(Task brief):
Everything from the line with "Mar 12, 2023;" to the end of the entries should be set down exactly, except the pictures.

(Data shown):
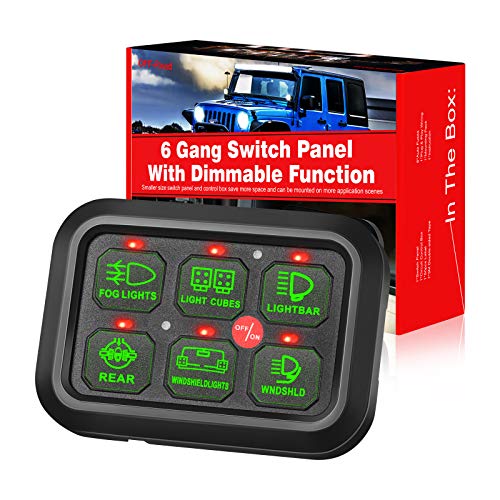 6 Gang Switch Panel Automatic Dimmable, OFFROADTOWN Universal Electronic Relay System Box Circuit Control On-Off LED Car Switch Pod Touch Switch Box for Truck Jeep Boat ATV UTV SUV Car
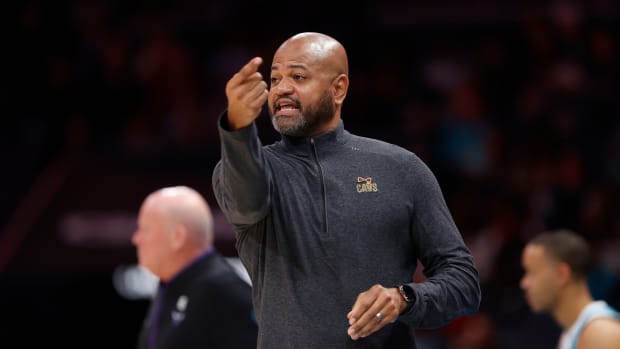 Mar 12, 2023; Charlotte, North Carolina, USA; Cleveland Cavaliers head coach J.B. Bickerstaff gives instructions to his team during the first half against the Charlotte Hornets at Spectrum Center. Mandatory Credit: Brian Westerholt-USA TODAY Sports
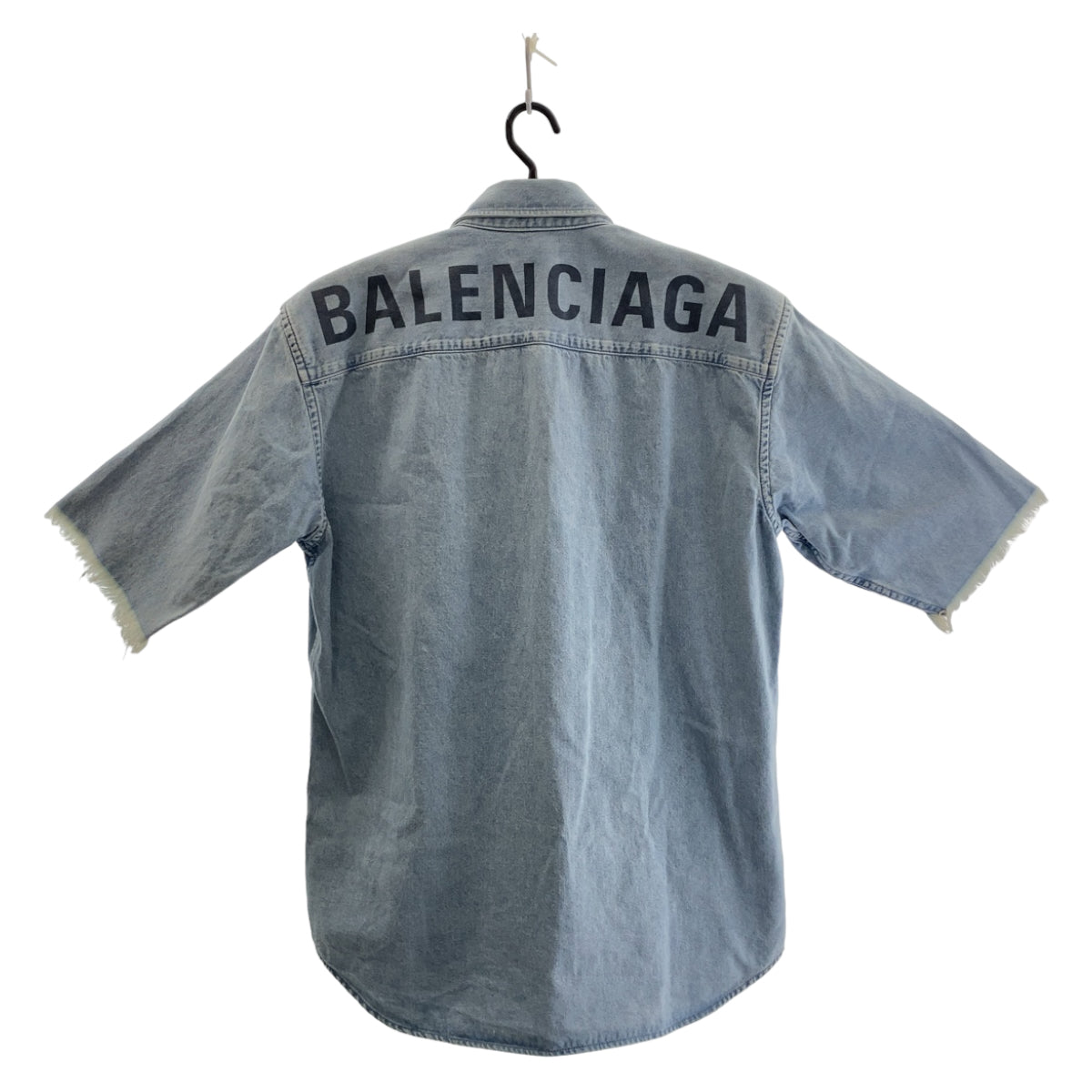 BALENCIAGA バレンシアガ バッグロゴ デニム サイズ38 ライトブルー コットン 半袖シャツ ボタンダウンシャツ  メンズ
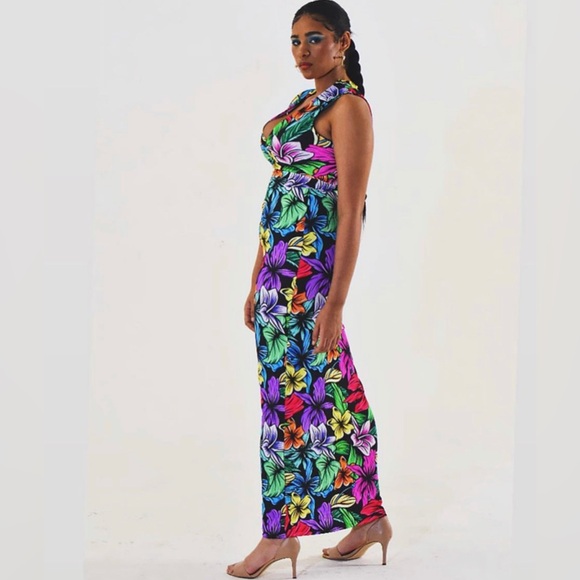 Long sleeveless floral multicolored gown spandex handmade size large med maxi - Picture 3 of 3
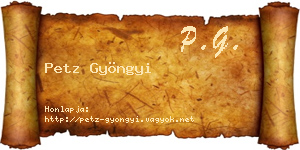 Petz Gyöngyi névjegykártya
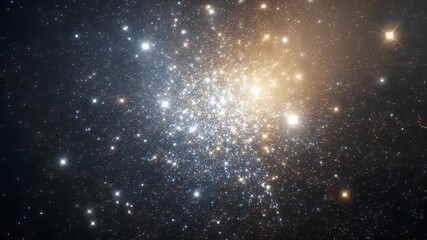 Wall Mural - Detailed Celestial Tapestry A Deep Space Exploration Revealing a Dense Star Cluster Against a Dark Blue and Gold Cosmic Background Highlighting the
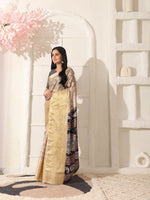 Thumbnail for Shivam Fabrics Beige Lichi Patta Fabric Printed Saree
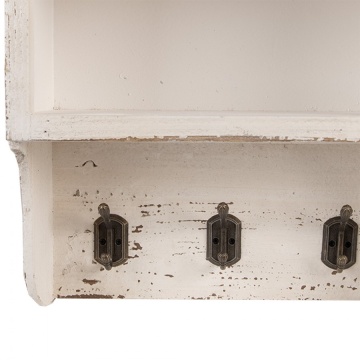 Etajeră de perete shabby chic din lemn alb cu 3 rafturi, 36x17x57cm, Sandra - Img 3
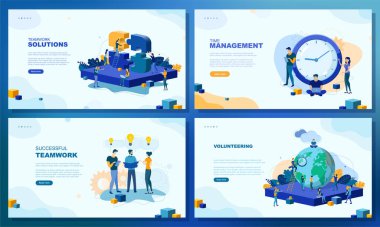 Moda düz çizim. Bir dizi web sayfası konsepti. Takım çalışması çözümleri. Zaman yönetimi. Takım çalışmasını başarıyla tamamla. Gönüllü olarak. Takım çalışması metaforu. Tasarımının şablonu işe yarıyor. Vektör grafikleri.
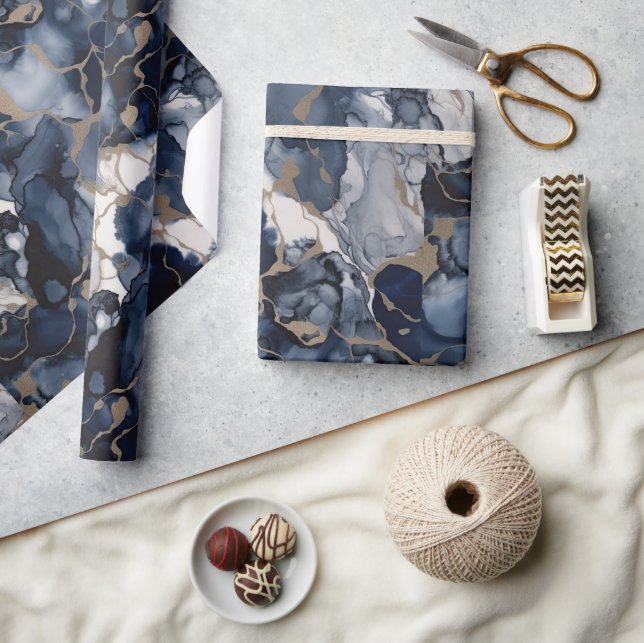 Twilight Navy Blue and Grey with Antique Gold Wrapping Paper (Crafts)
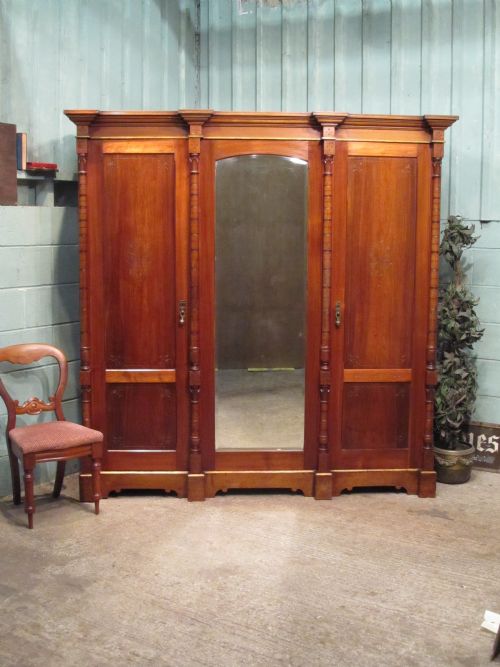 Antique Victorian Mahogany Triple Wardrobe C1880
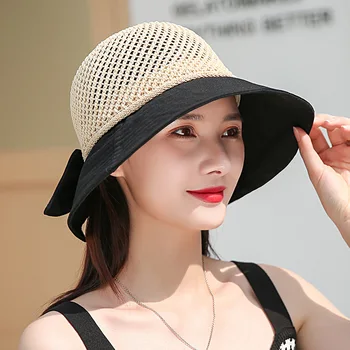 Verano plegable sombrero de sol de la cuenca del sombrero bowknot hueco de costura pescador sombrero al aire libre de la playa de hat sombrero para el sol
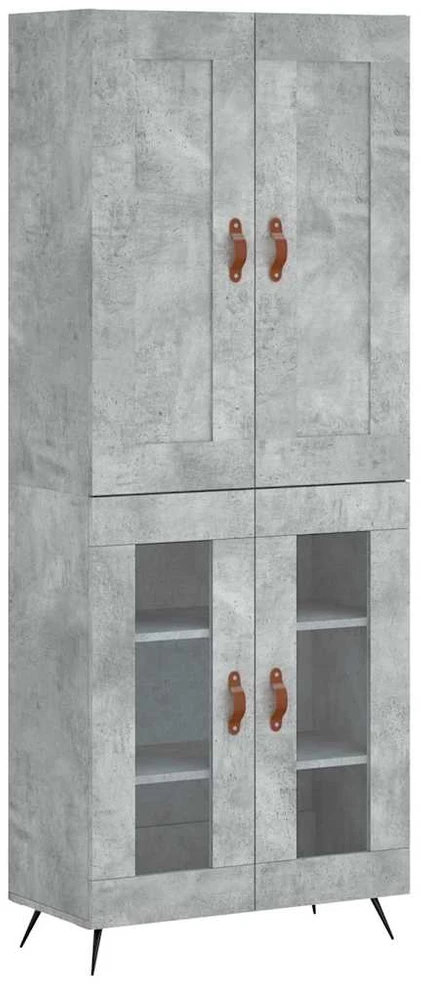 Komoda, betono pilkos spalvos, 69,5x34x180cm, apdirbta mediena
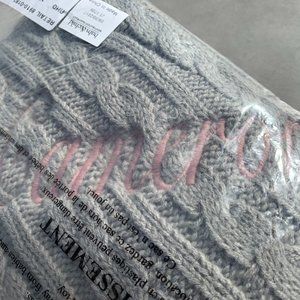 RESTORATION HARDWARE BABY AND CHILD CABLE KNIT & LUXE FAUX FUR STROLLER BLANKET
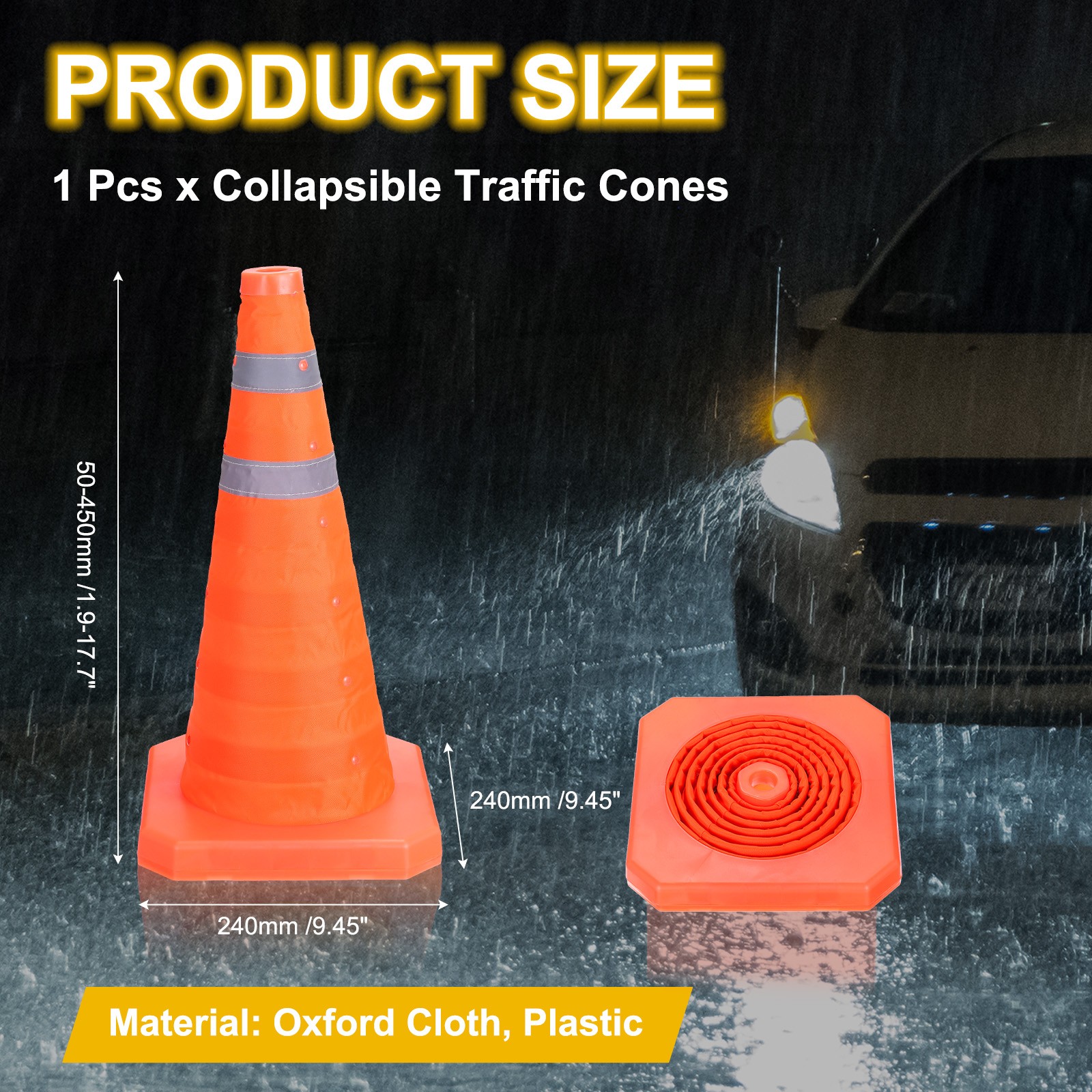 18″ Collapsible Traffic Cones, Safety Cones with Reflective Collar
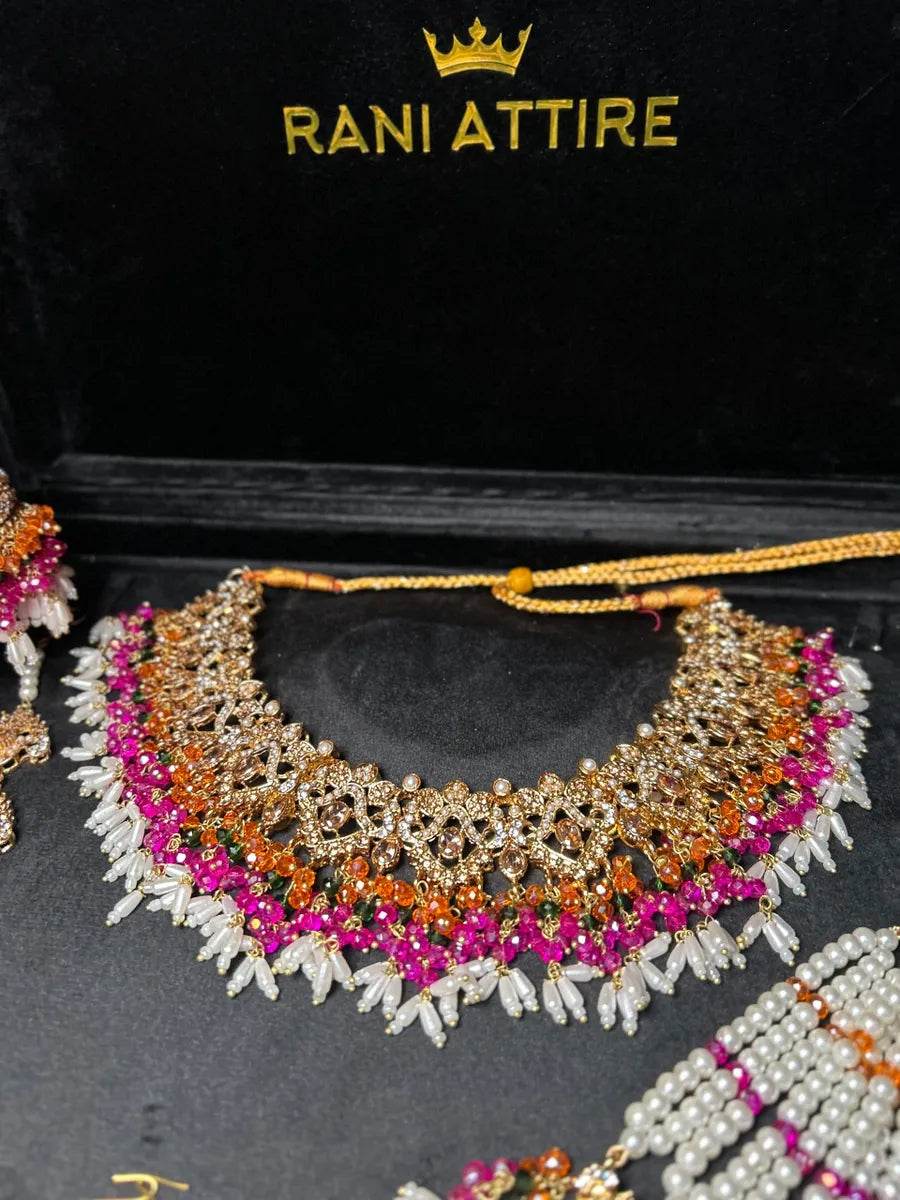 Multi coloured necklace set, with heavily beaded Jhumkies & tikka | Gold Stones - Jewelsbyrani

(Answer to this exercise):
 Mar 12, 2023; Charlotte, North Carolina, USA; Cleveland Cavaliers head coach J.B. Bickerstaff gives instructions to his team during the first half against the Charlotte Hornets at Spectrum Center. Mandatory Credit: Brian Westerholt-USA TODAY Sports
 BALENCIAGA バレンシアガ バッグロゴ デニム サイズ38 ライトブルー コットン 半袖シャツ ボタンダウンシャツ  メンズ
 Long sleeveless floral multicolored gown spandex handmade size large med maxi - Picture 3 of 3
 Petz Gyöngyi névjegykártya
 Wall Mural - Detailed Celestial Tapestry A Deep Space Exploration Revealing a Dense Star Cluster Against a Dark Blue and Gold Cosmic Background Highlighting the
 Thumbnail for Shivam Fabrics Beige Lichi Patta Fabric Printed Saree
 Etajeră de perete shabby chic din lemn alb cu 3 rafturi, 36x17x57cm, Sandra - Img 3
 Moda düz çizim. Bir dizi web sayfası konsepti. Takım çalışması çözümleri. Zaman yönetimi. Takım çalışmasını başarıyla tamamla. Gönüllü olarak. Takım çalışması metaforu. Tasarımının şablonu işe yarıyor. Vektör grafikleri.
 Twilight Navy Blue and Grey with Antique Gold Wrapping Paper (Crafts)
 Antique Victorian Mahogany Triple Wardrobe C1880
 Verano plegable sombrero de sol de la cuenca del sombrero bowknot hueco de costura pescador sombrero al aire libre de la playa de hat sombrero para el sol
 Komoda, betono pilkos spalvos, 69,5x34x180cm, apdirbta mediena
 RESTORATION HARDWARE BABY AND CHILD CABLE KNIT & LUXE FAUX FUR STROLLER BLANKET
 18″ Collapsible Traffic Cones, Safety Cones with Reflective Collar
 Multi coloured necklace set, with heavily beaded Jhumkies & tikka | Gold Stones - Jewelsbyrani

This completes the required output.